This is an alternative history - one recounted from the perspectives of those who have lost loved ones killed in the conflict. The dead include, as well as the numerous civilians, paramilitaries from both sides and members of the security forces and British army. This book tells the story of their deaths and also the loss, the heartbreak and the suffering of their family and friends. Later in the book the author recounts the myriad long-term responses to grief and loss on the part of the victims, how they remember and commemorate, and face (or don't face) the killers of their loved ones. There are many stories of breakdowns, heart attacks and suicides together with valiant struggles to cope with loss, and many tales of bitterness overcome by humanity.
All the stories are told with an elegant simplicity and a deep empathy for the plight of those suffering that sublimely transcends sectarian and other barriers and divides. And the stark realities portrayed provide a massive unspoken commentary on issues of justice. Sometimes the author is quite Hemingwayesque (the young, inspired 'In Our Time' Hemingway that is) in this respect. For example, with regard to a young, pregnant woman, mother of a 2-year-old whose husband has just been killed by loyalist paramilitaries: "when it came to the compensation hearing, Rosaleen had got very little. The judge told her she was a young attractive woman and he was sure she would marry again."
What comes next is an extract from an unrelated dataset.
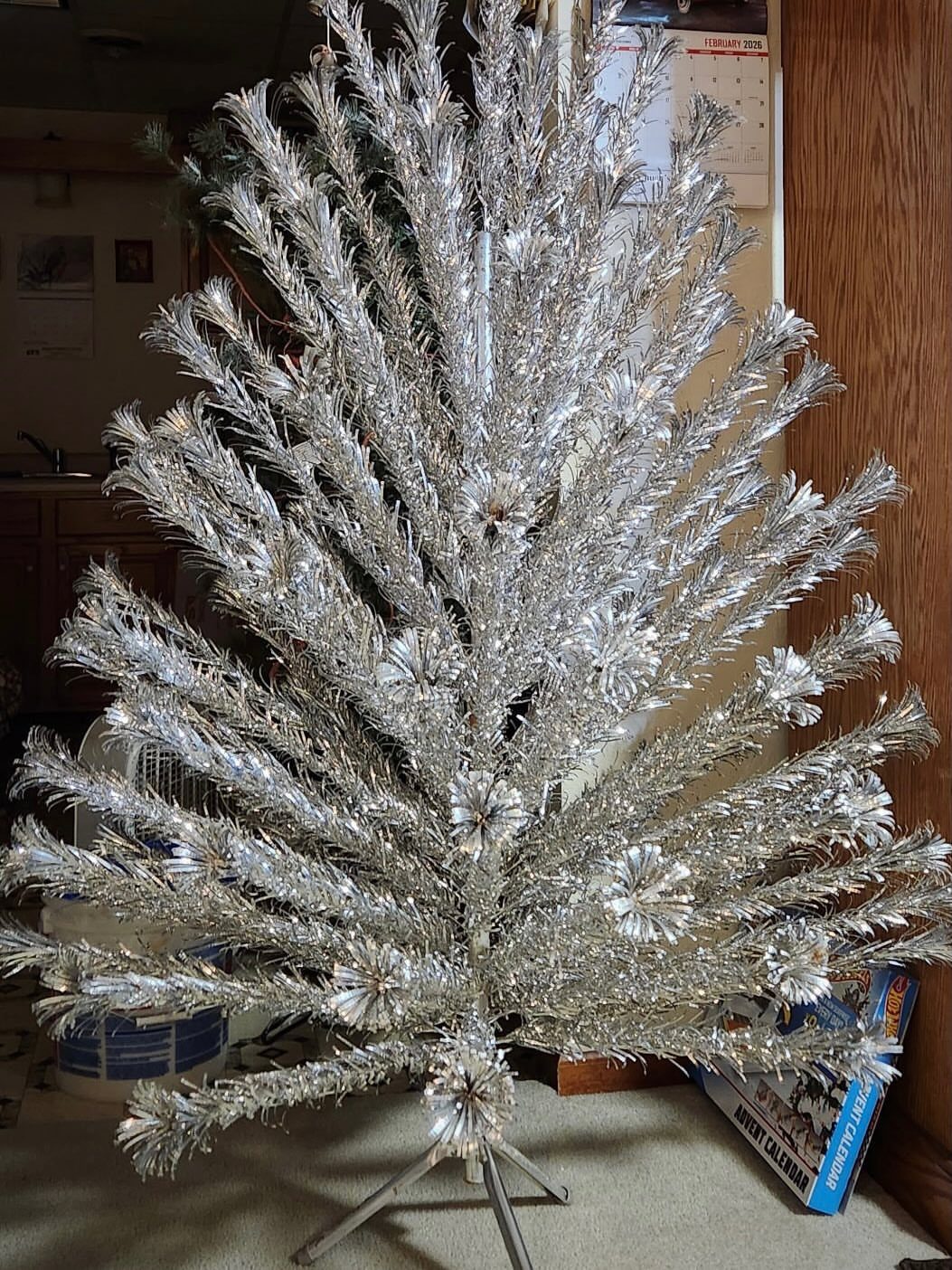 Silver tinsel Christmas tree on a metal stand against a wood paneled wall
The author confronts issues of justice more directly in the second part of the book, documenting the search for truth of many victims and others working on their behalf in the face of obstruction, deception and cover-ups (on the part of all sides) and a lot of political posturing (again on the part of all sides). No organisation escapes the light of clarity of this book, whether British, loyalist or republican. In this book the truth of the dictum "Truth recovery exposes the myth of blamenessness" is clearly evident. Rather, in this history the empty rhetoric of the warmongers forms part of a shadowy backdrop against which the fragility of the human body and mind stand out in relief, and centre stage belongs to the nobility of human suffering and the beauty of humanity displayed by ordinary women and men.